X on my PowerMac G5 and on to the streets, but not without routine crashes and the occasional catastrophic loss of a few finely honed paragraphs. So much for progress.)Īnyway, a few more years, and eventually Unspeak got out of Word v.

Eventually the Psion broke, and nothing as good has replaced it as an ultramobile writing tool.

So something, some unexamined preference, was percolating in my mind.
WRITEROOM MAC MAC
It was for filing articles while travelling, but I often preferred to write on that machine, with its small monochrome LCD, even when my desktop or laptop Mac was available. (In the mean time, I also had one of these. It was a beautiful thing, a real boon to anyone who wrote to predetermined length. The word count was permanently right there in the toolbar, updating as you typed. With Live Word Count, there was no longer any need to hit a key combination every 10 seconds to check the word-count (which was often a way of procrastinating).

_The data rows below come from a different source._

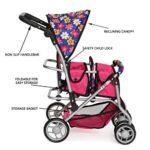 My First Twin Doll Stroller – Double Umbrella Stroller – Baby Doll Accessories – Pink Foldable Doll Pram with Diaper Bag – Fits Up to 18 inch Twin Baby Dolls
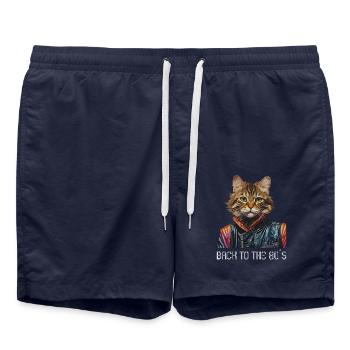 80s Themed Party Back to the 80s Costume - Swim Trunks - french navy - Front - AI Model Male 185 light (185cm)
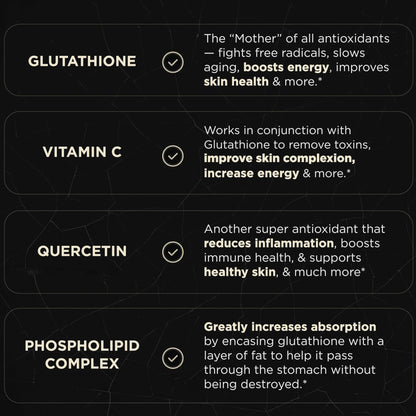 2150mg Super Liposomal Glutathione Supplement w. Vitamin C, Quercetin & Pure L Glutathione 2000mg Triple Action Formula Glutathione Liposomal Supplement - Maple Wellness Supplements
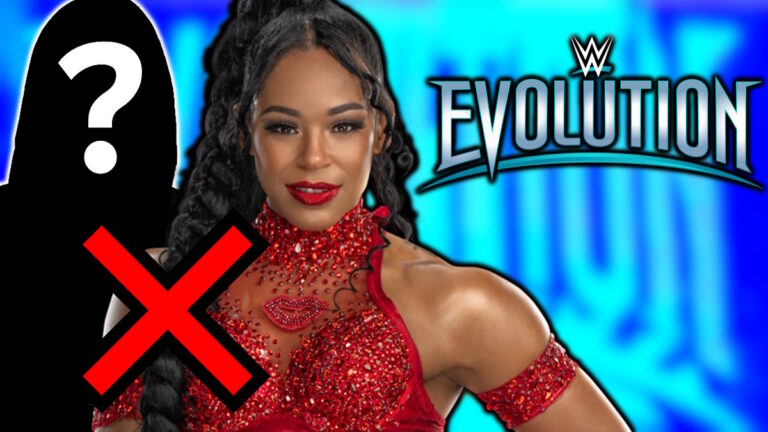 WWE Evolution logo and Bianca Belair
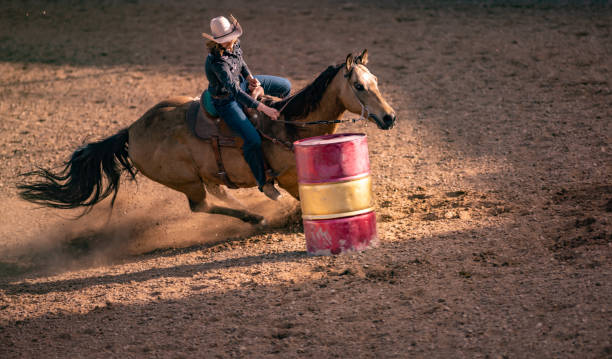 istock Cowgirl barrel racing rodeo 1085774586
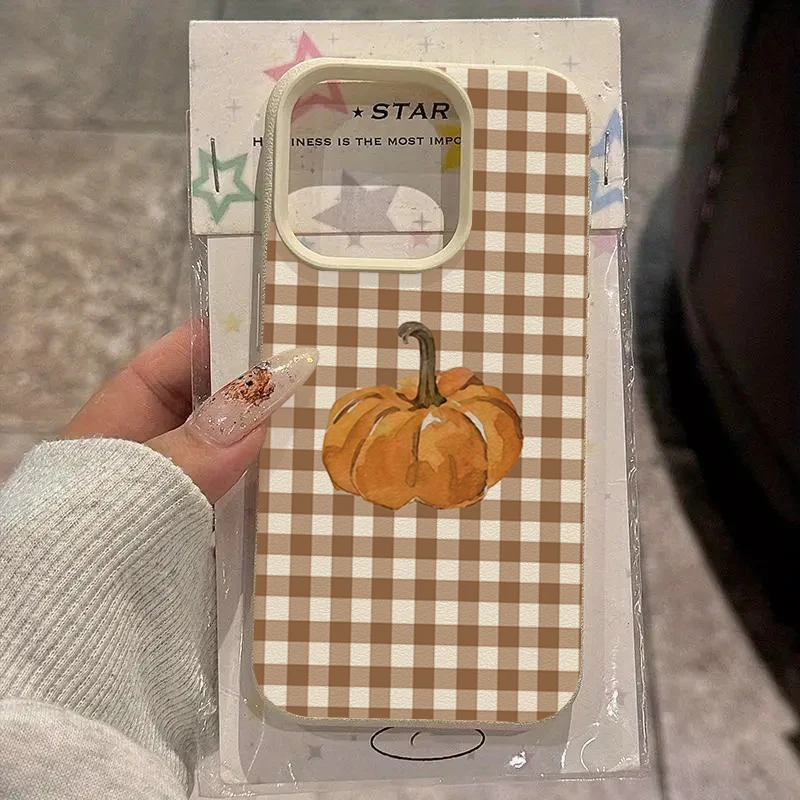 Pumpkin Grid Pattern Silicone Phone Case - Soft Cover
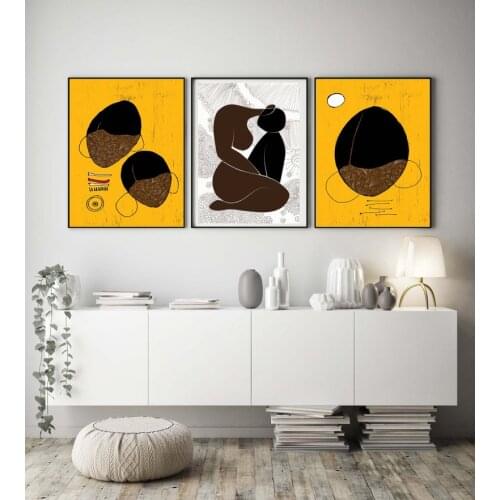 Abstract African Wall Art Print Picture Canvas Poster Nursery Print Minimalist Painting Decor No Frame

When pretty much everything you write has a word-limit attached, and you realise after long and tragic experience that exceeding that limit will not cause the editor to expand the space available to you in tribute to your genius but will instead cause the sub-editors unerringly to home in precisely on the bits that must not be cut if the article is still to make any sense and cut them, then you need to know at every stage how much you have written, and how much you have left to go. It was Live Word Count, which (IIRC) appeared in Word v.
WRITEROOM MAC CRACK
And then, like a cunning crack dealer, Microsoft threw me a freebie twist that had me hooked anew. mwd or something, we might have all jumped ship a lot sooner.Īnyway, through inertia, through not even thinking about whether alternatives existed, I continued to stick with Word. doc just is a document, right? And a document has to be a. Part of the reason for Microsoft’s success in this propaganda trick, I think, was its brilliant choice of file-name extension.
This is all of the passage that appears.